INPUT MATERIAL
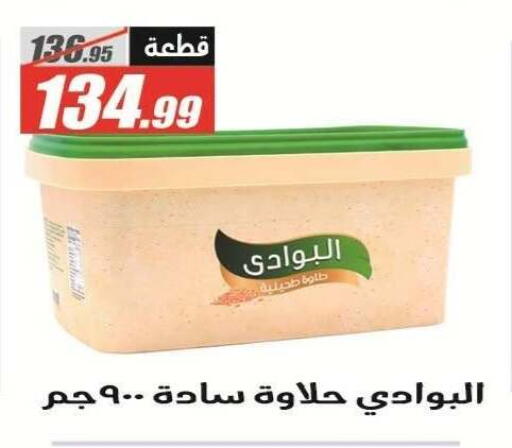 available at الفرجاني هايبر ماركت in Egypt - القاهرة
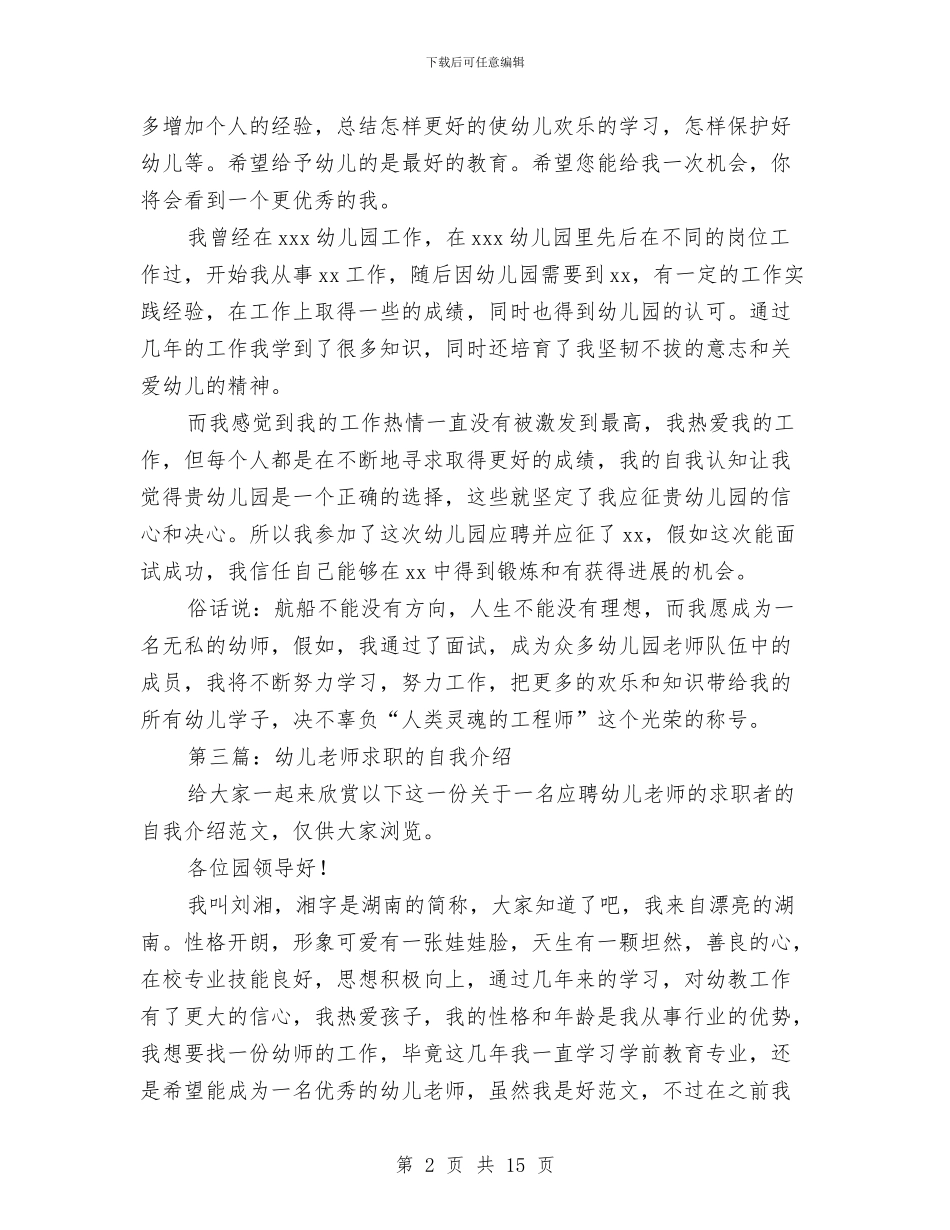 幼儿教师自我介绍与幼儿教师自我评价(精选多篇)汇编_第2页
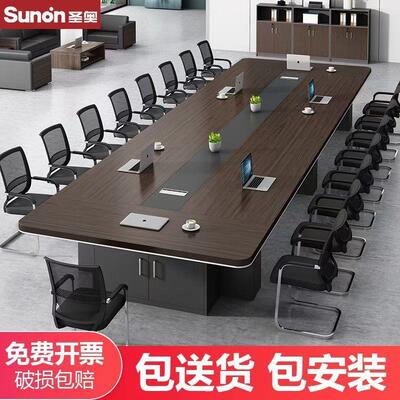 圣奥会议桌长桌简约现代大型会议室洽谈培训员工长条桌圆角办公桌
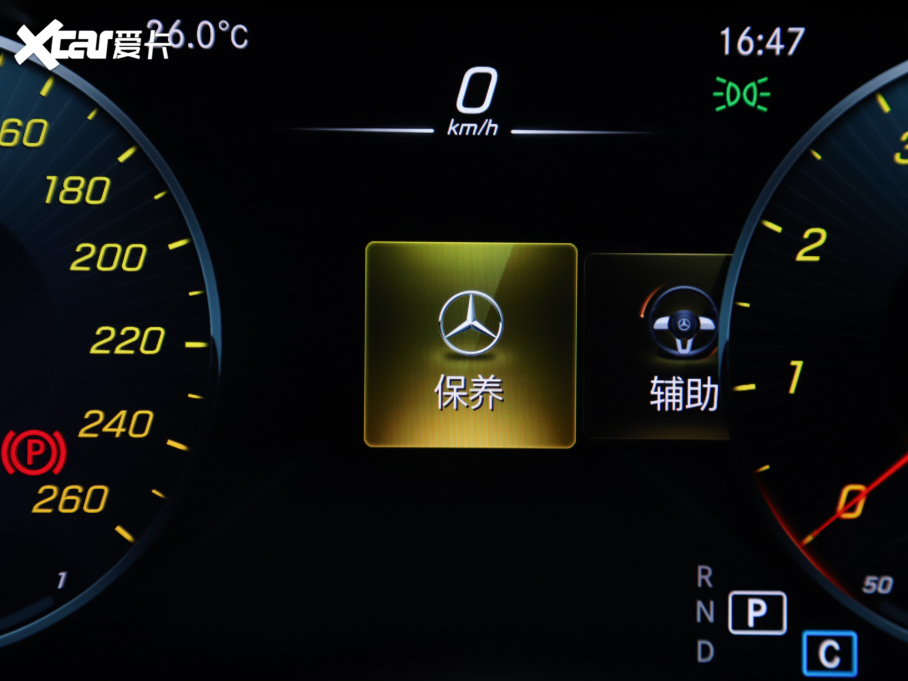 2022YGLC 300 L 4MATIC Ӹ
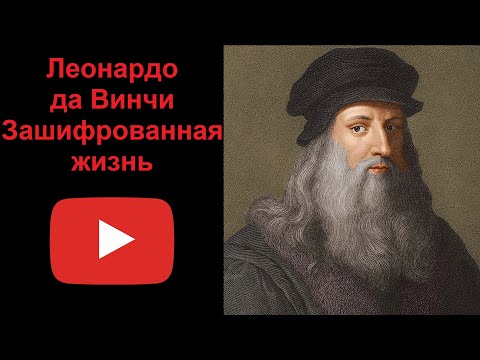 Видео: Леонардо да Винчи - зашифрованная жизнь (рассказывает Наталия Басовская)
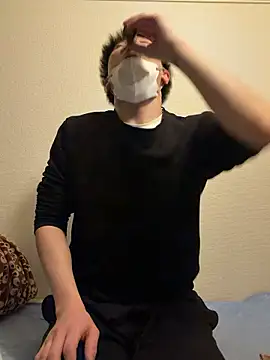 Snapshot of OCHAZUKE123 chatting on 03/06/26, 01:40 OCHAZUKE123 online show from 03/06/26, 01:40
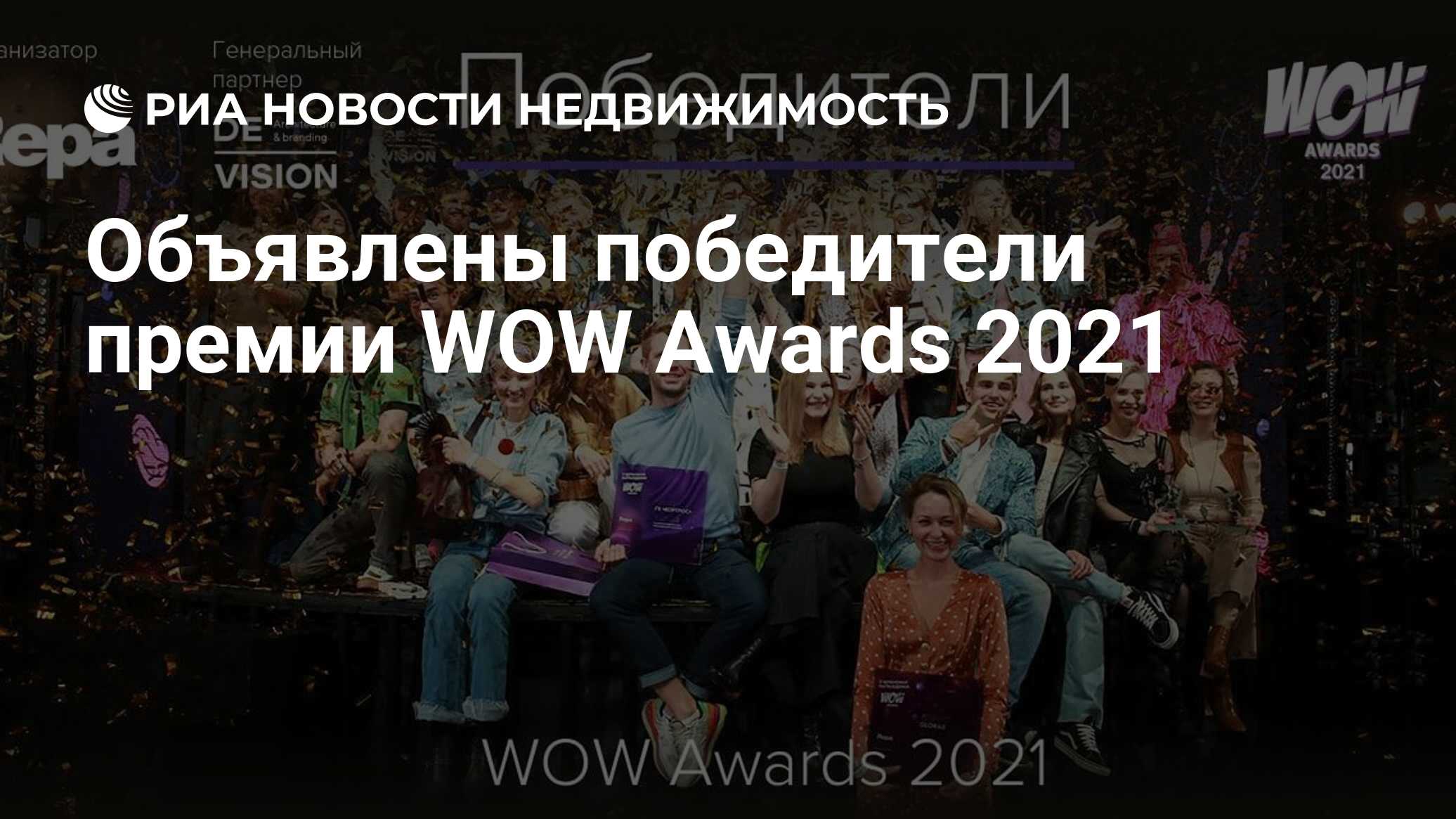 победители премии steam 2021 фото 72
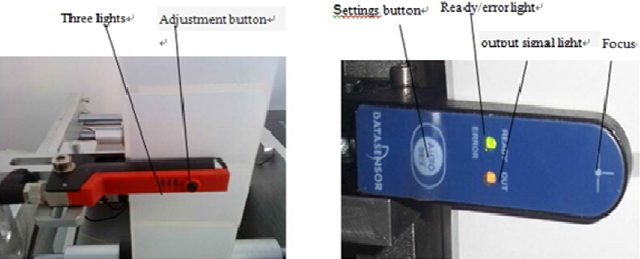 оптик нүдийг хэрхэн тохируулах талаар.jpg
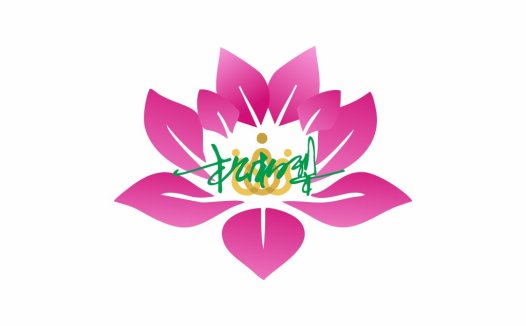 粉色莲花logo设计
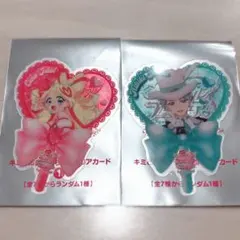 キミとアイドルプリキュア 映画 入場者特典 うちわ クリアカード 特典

...

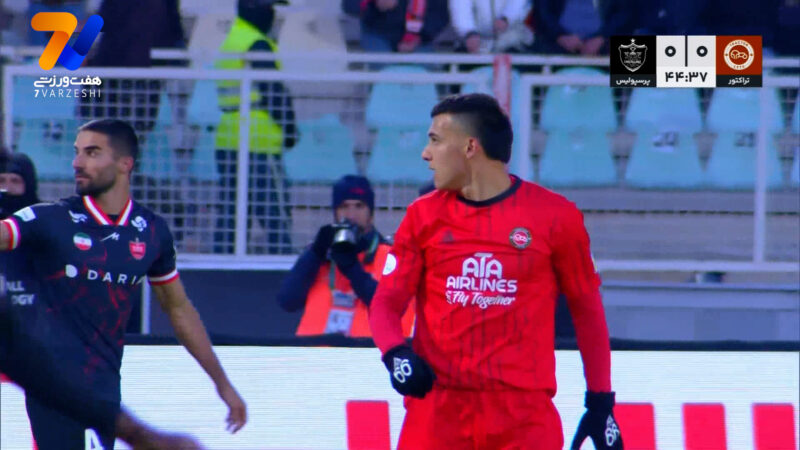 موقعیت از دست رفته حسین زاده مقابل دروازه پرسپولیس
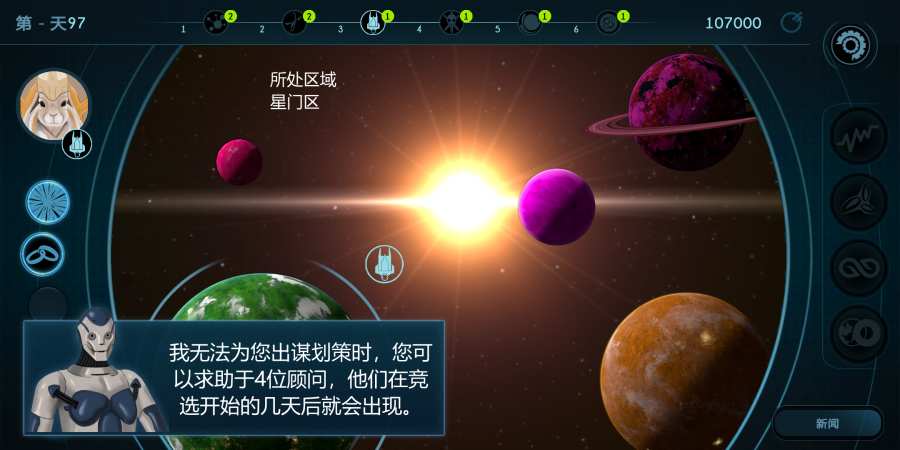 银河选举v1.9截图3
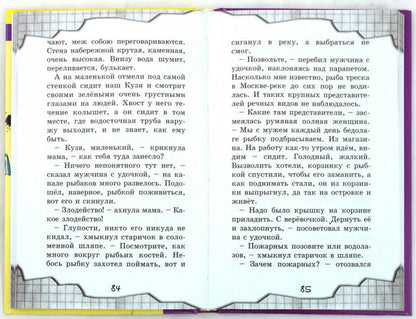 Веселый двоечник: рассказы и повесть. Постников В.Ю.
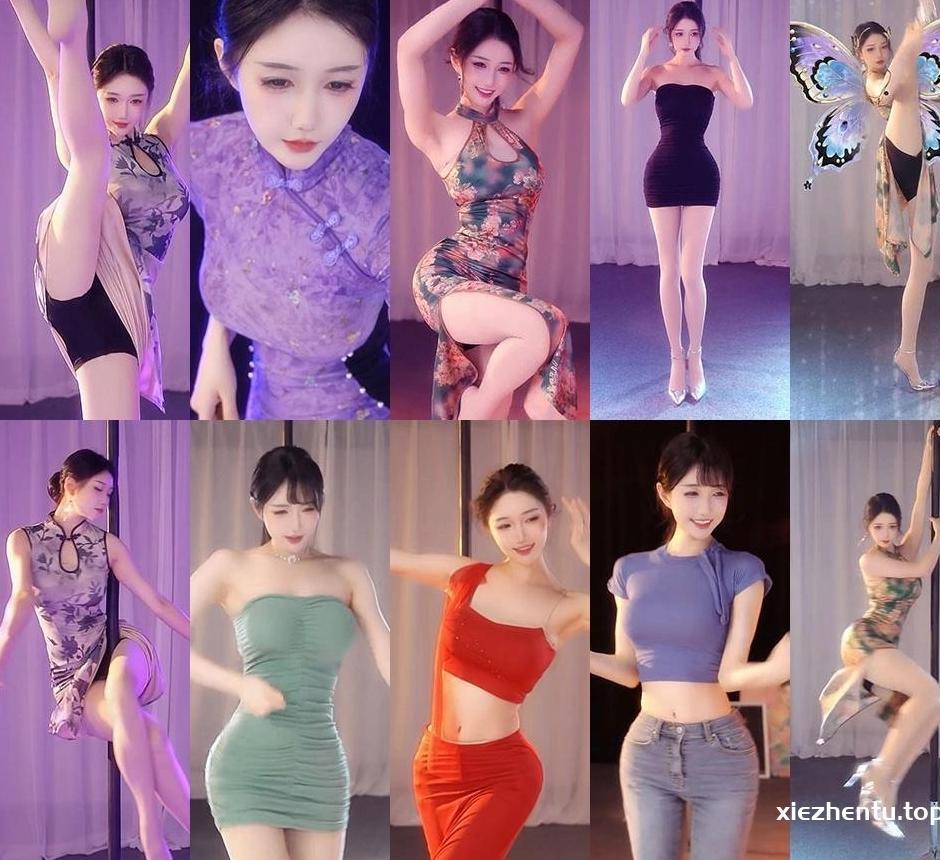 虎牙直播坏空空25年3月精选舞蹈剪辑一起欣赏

* * *

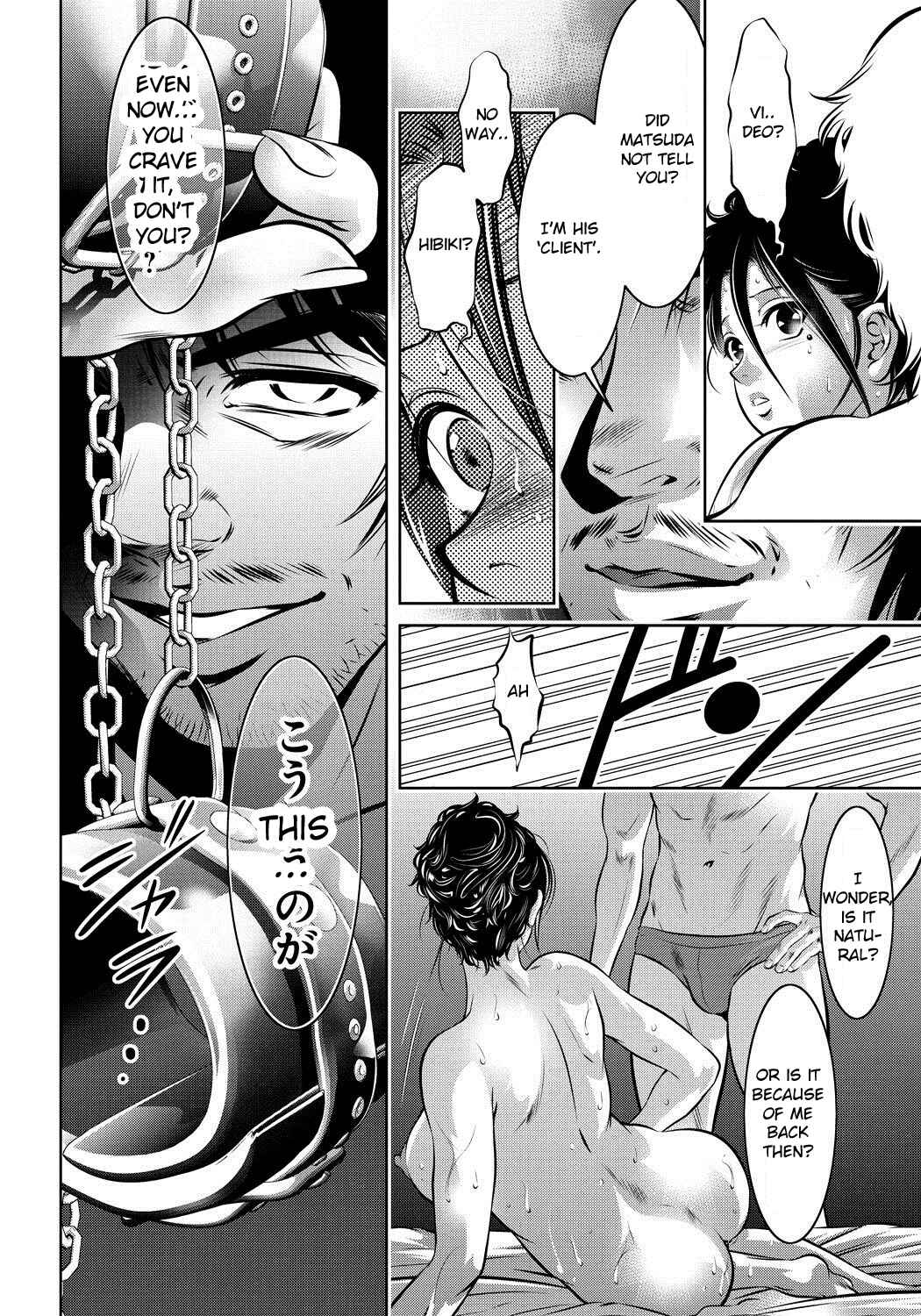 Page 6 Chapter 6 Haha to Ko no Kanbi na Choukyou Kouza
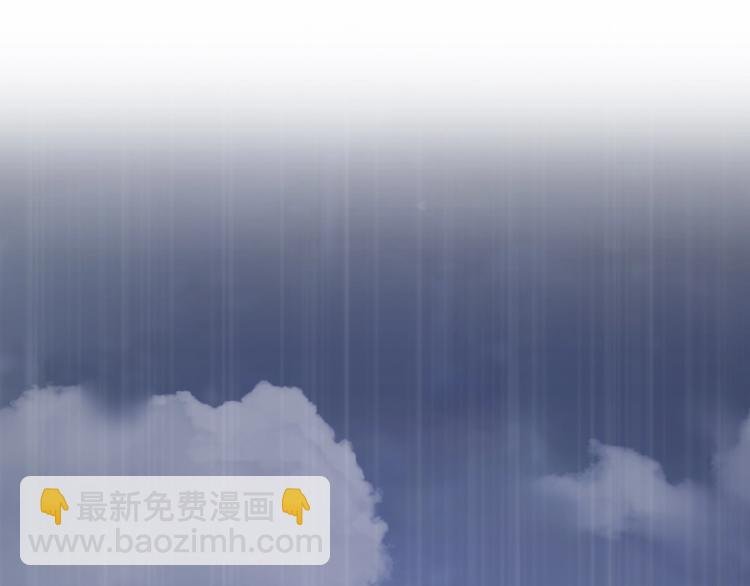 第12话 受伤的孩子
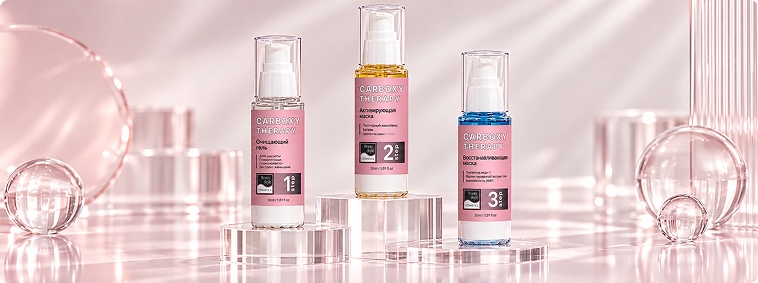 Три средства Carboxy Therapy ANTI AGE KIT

EXERCISE GOAL
Set down again, word for word, every line from the one with "Видео: Леонардо да" to the one with "キミとアイドルプリキュア 映画 入場者特典 うちわ クリアカード 特典" in the entries above, and omit the pictures.

REPLY TO THE EXERCISE
 Видео: Леонардо да Винчи - зашифрованная жизнь (рассказывает Наталия Басовская)
 Snapshot of OCHAZUKE123 chatting on 03/06/26, 01:40 OCHAZUKE123 online show from 03/06/26, 01:40
 победители премии steam 2021 фото 72
 оптик нүдийг хэрхэн тохируулах талаар.jpg
 粉色莲花logo设计
 キミとアイドルプリキュア 映画 入場者特典 うちわ クリアカード 特典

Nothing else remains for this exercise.